When Scott Brown, the award-winning director of bands at Seattle’s Roosevelt High School for 38 years, retires at the end of this school year, he’ll leave behind a stunning legacy.

Brown, who announced his retirement this month, led Roosevelt’s jazz groups to four first-place wins at the world-renowned Essentially Ellington Competition and Festival, presented in New York by Jazz at Lincoln Center. He has headed Roosevelt’s band programs since 1984 but is making “a clean break,” he said. Once he steps down, he will not continue as director of the jazz band.

“I’ve been a lucky man,” said Brown, 64. “I’ve worked hard, but I’ve also been incredibly lucky. I’ve only had one job in my career. That just doesn’t happen anymore.”

Brown’s announcement prompted an outpouring of praise.

“Scott Brown is a man of style, intellect and fire,” Wynton Marsalis, managing and artistic director of Jazz at Lincoln Center, said through a spokesperson. “His bands were always excellent and a reflection of his absolute dedication to American culture. He is a true jazz man with grace and sophistication to spare. I will miss his enthusiastic conducting on our Rose Hall stage.”

Ex-students joined the chorus.

“Scott Brown changed my life,” texted Grammy-winning vocalist Sara Gazarek (class of 2000), on tour in Europe when she heard the news. “I arrived at Roosevelt High School in 1996 without an ounce of information about the history, culture or musical stylings of this beautiful Black American art form … I carry him with me at every performance and recording.”

Drummer D’Vonne Lewis (class of ’02), who plays with Brown in the Seattle Repertory Jazz Orchestra and leads the band Limited Edition, also acknowledged Brown’s influence.


“Everything I do is from him,” said Lewis. “Dynamics, precision, swing, blues feeling and basically to play from your heart and give it your all. Going to Roosevelt High School with Scott Brown was like being in college while we were in high school.”

Born in Seattle, Brown grew up after age 11 on Bainbridge Island, where he played trombone at Bainbridge High School and jammed at home in an impromptu family band.
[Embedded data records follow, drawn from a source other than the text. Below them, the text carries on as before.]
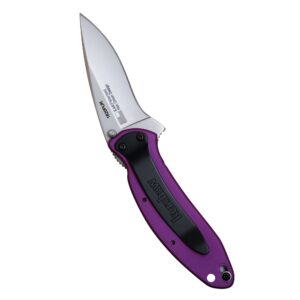 Kershaw Purple Scallion Pocket Knife, 2.25” Stainless Steel Blade with Assisted Opening, Aluminum Handle with Single-Position Pocketclip, Small Folding Knife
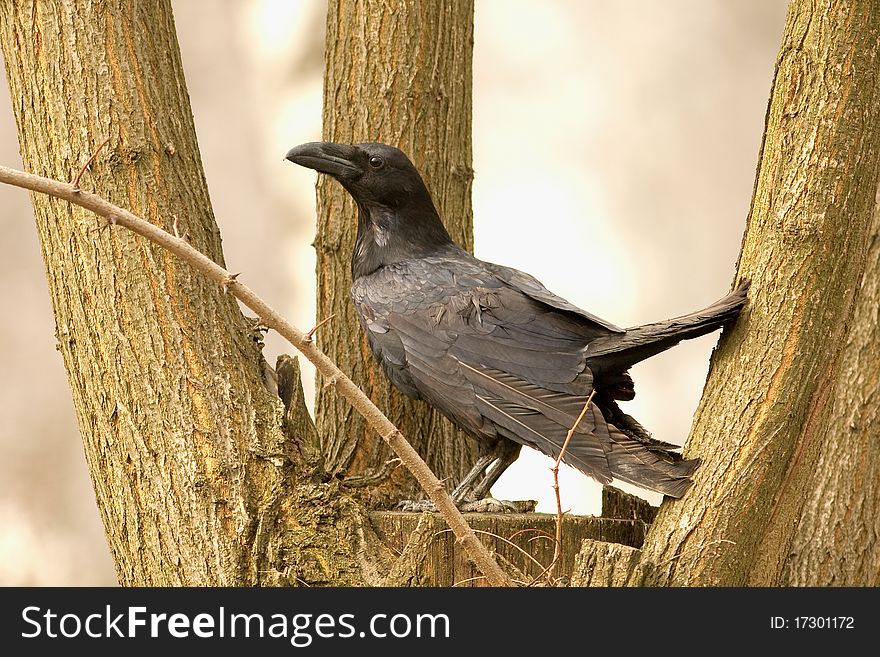 Raven resting on the branch - Corvus corax. Raven resting on the branch - Corvus corax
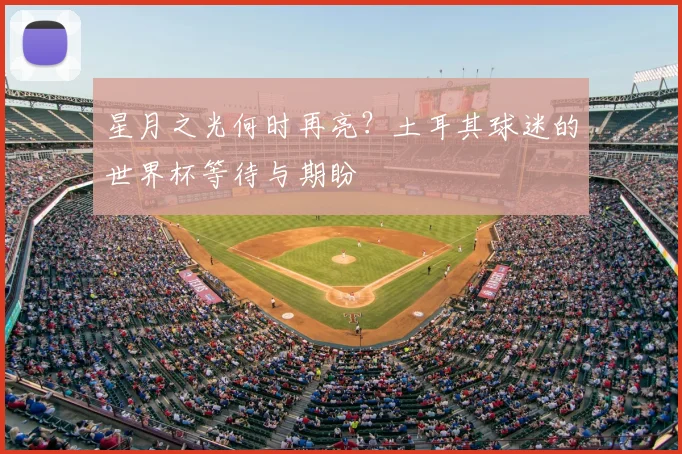 星月之光何时再亮？土耳其球迷的世界杯等待与期盼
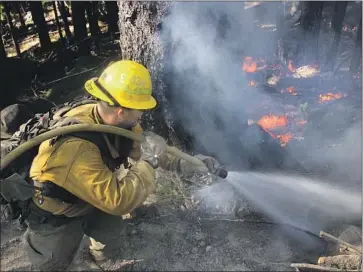  ?? Mike McMillan U. S. Forest Ser vi ce ?? A U. S. FOREST SERVICE f iref ighter attacks f lames on the northwest f lank of the August Complex f ire above Ruth Valley. California’s largest wildfire is threatenin­g the marijuana business in the Emerald Triangle.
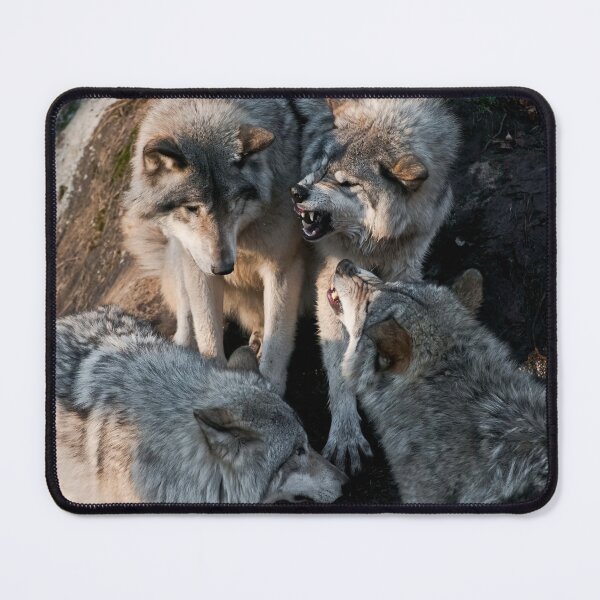 Item preview, Timber Wolves designed and sold by WolvesOnly.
In 1984, a year after graduating from the University of Washington with a degree in music education, Brown started at Roosevelt, succeeding Waldo King, who started the first jazz programs in Seattle schools in the 1960s.

Though Brown is known best for big band jazz, former student Kelly Clingan (class of ’97) points out that he also led marching band, concert band and the pit orchestra for musicals and even taught piano lessons and vocal jazz.

“He’s a true educator,” said Clingan, who carries on Brown’s legacy as education director of the Seattle nonprofit JazzED. “I watched him help people switch from flute to trombone. He really got in there and did the dirty work.”

Brown also exposed his students to the world, leading bands on trips to Europe, where they performed at the Perugia and Montreux jazz festivals, among others, and to China and Mexico.

Brown has particularly fond memories of the band’s 1995 trip to Mazatlán, Seattle’s sister city in Mexico, where the band donated instruments to local musicians and shared the stage with them at the Teatro Angela Peralta.


“We really got cookin’,” he recalled. “That was very powerful.”

He is also immensely proud of the time Roosevelt brought the Count Basie band to the 5th Avenue Theatre in 1991 and the kids opened the show. A gigantic poster commemorating that concert still hangs in Roosevelt’s band room.

Brown’s accomplishments have not gone unrecognized. In 2007, he received KCTS’ Golden Apple Award, the state’s most coveted honor for teachers. DownBeat magazine, the “jazz bible,” named Brown Jazz Educator of the Year in 2004. Seattle’s Earshot Jazz and the Washington Music Educators Association have both inducted Brown into their halls of fame.

Observers chalk up Brown’s success to a combination of musical excellence, trust and high expectations of his students.

“He just operates as if they can and will deliver and there’s no reason they can’t,” said Nelson Jay, whose son Toby (class of ’19) played bass trombone in jazz band.

“He really trusts his students,” explained retired Roosevelt drama teacher Ruben Van Kempen. “I’ve subbed for his classes, and when it comes to jazz band, they walk in and they know exactly what they have to do when he’s gone. He’s created leaders.”

Modest by nature, Brown will, if asked, tell you that between 1999 and 2022 the Roosevelt High School Jazz Band made the finals of Essentially Ellington 22 out of 24 tries and placed in the top three 11 times, besting every other band in the country on both counts. But modesty doesn’t create numbers like that. When asked if he would have considered retiring before 2019, when Roosevelt won its fourth Essentially Ellington competition, matching Garfield High School’s record, Brown laughed.


“Probably not!” he admitted. “You think there’s a thread of competitiveness there?”

Brown’s agenda for retirement does not involve competitions. He plans to play more trombone and do woodworking in his home shop and a lot more sailing.

“Sara Gazarek just asked me to play with her at Jazz Alley in July,” he said. “One of my dreams is to be sailing in September instead of doing marching-band camp.”